*** Information provided ***

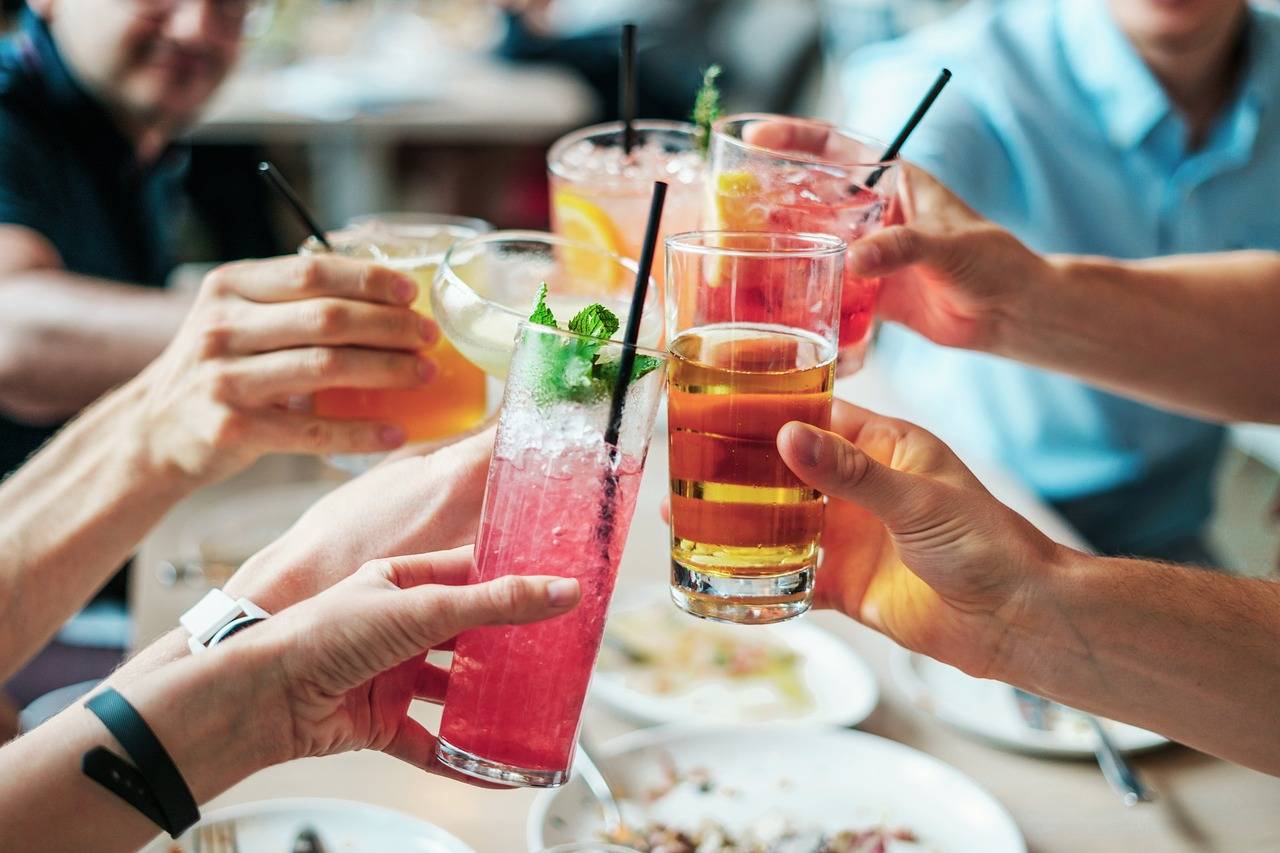 personas bebiendo refrescos y alcohol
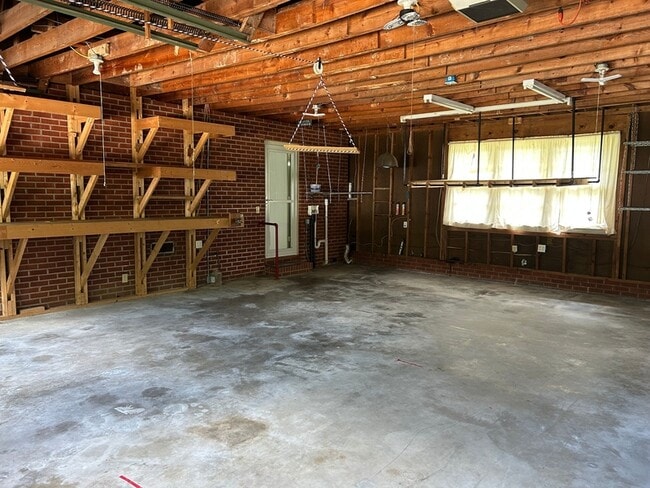 Building Photo - 407 Elizabeth Dr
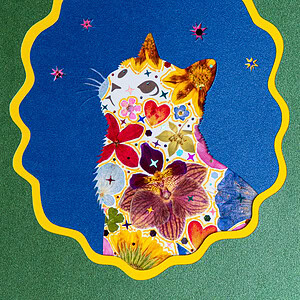 pressed_flower_art_kit_cat_looking_up_woodland_heart_detail Looking Up Cat — 2025 Best Seller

*** End of Information provided ***

** Exercise objective **
Give back every line of the material exactly as written, but not the pictures.

** Result of the exercise **
 personas bebiendo refrescos y alcohol
 Building Photo - 407 Elizabeth Dr
 pressed_flower_art_kit_cat_looking_up_woodland_heart_detail Looking Up Cat — 2025 Best Seller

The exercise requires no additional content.